PRODUCT MARKET FUNDAMENTALS: GASOLINE: February gasoline has been waffling around unchanged levels in the early overnight trade as the market appears to be in a holding pattern ahead of today’s critical employment news. But it’s been impressive that gasoline has only seen a limited pull back from this week’s highs despite a large jump in EIA fuel stocks and the market reaching a technically overbought extreme up at these price levels. However, there seems to be concern surfacing that the low refinery operating rate which dropped below 80% last week along with scheduled and unscheduled maintenance could create a tight supply situation in gasoline this spring, especially if economic conditions continue to show signs of improvement. Therefore, today’s employment report could be a major catalyst for this market and a bullish outcome may have the potential to eventually lift gasoline back towards the $2.20 price level. But on the other hand, gasoline appears to be sufficiently overbought that a bearish jobs report reading could also temporarily pressure the market back below $2.10. We still see upside potential for gasoline and given the market’s technical condition and the possibility of volatile trade action off today’s economic news, there is also a chance traders will be able to buy the market at lower levels.

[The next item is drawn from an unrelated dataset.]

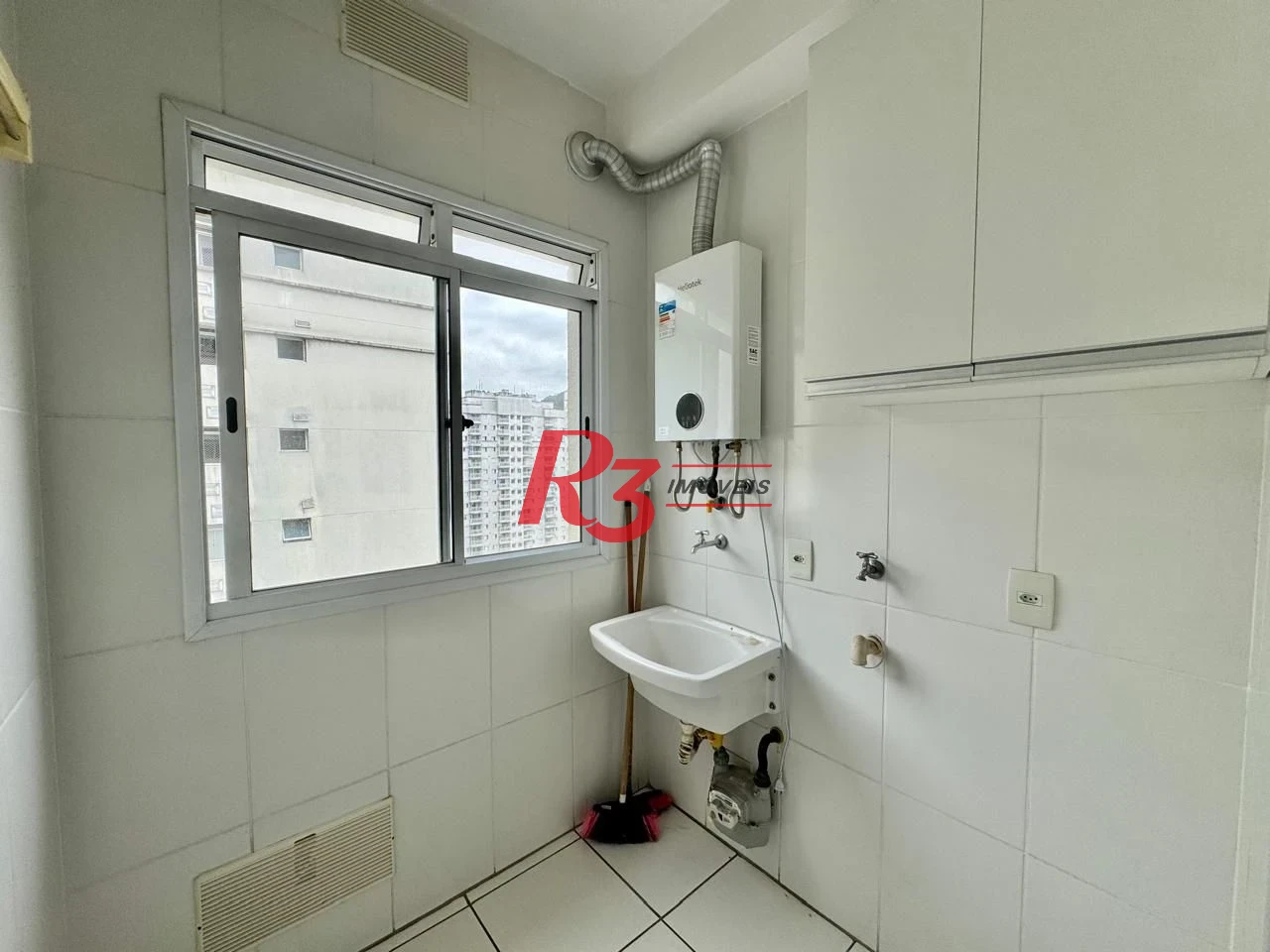 Apartamento para alugar, 84 m² por R$ 5.200,00/mês - Marapé - Santos/SP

HEATING OIL: February heating oil has edged lower in the early overnight action as traders brace for today’s key employment report and on some pressure tied to a less supportive weather outlook. Heating oil has seen a steep rally from the December low as cold temperatures over the last month and frigid conditions this week have boosted winter fuel demand helping to trim the supply glut in distillate stocks. But with technical indicators at an overbought extreme and most weather forecasters predicting temperatures to warm up a bit next week certainly leaves heating oil vulnerable to more extensive profit taking, especially since fund have likely built a record net long position in this market. Therefore, unless today’s critical read on employment can reveal a bullish surprise, we suspect February heating oilcould give back a sizable portion of this week’s gains.

TODAY’S ENERGY MARKET GUIDANCE: Today’s employment report will likely set the early tone. Traders should be prepared for a possible surge in volatility if the payroll number is surprising since a bigger than expected gain or loss could result in sharp price move.